We don’t just slow things down.

We become the bottleneck.

Scaling isn’t just about adding headcount.
It’s about multiplying judgment in others — and trusting it.

So, I don’t give the answer (at least not immediately). I ask questions first.

Because the goal isn’t to be the smartest person in the room.

It’s to build a room full of people who can think for themselves.


Asking Ourselves First

Yet, we can also learn by asking ourselves questions first – especially when things don’t make sense.

Here’s an example.

We see something in the news that feels absurd. A story that seems completely out of step with how we see the world.

And our first instinct is to dismiss it.

We think, “Those people are just stupid.”

But I don’t buy that.

Rarely is the world black and white.

Instead, I try to ask myself:

  • What led to this situation?
  • What pressures or priorities shaped their actions?
  • What assumptions might they be working from?
  • What facts am I missing?

These kinds of questions help me get curious before I get conclusive.

And in a world where we’re constantly nudged toward quick takes and hot opinions, that kind of pause matters.

Asking other people questions helps them grow.

Asking ourselves questions helps us grow, too.


Ask First: A Simple Challenge

Next time you feel the urge to give a quick answer or judgment, pause.

Ask a question instead.

Not to delay. Not to test.

But to build the habit of thinking — together.

See what grows from it.


Key Takeaway (TL;DR)

If we’re always answering, we’re doing too much of the thinking.

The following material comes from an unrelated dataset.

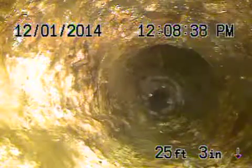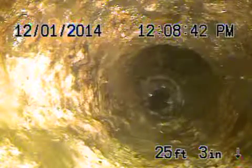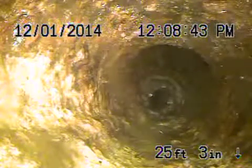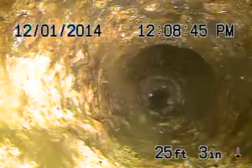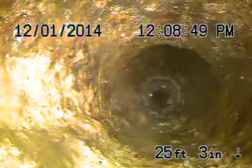Here we are at 1864 Marchita Place in the city of Los Angeles. We're running from a two-way clean-out here. This is going up into the house from the four-inch clean-out that's in the front. We're right before the kitchen line there, right up ahead. That's a two-inch line. This is all the way at the end of the house.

To grow our teams — and grow ourselves — lead with questions.

They don’t just unlock better decisions.

Questions build better decision-makers.


Why I’ll Keep Asking

We often think of leadership as providing direction. Certainty. Answers.

But the best clarity isn’t something we hand over — it’s something people build for themselves.

Socrates understood that. He didn’t push conclusions. He asked questions and let people wrestle.

That’s the kind of leadership we should strive to practice.

Not just to help others think — but to help ourselves think more clearly, too.

Because when we ask real questions — together or alone — we’re not just solving problems.

We’re learning how to think.

And what sticks — what grows — is never the answer we give.

It’s the question they carry with them.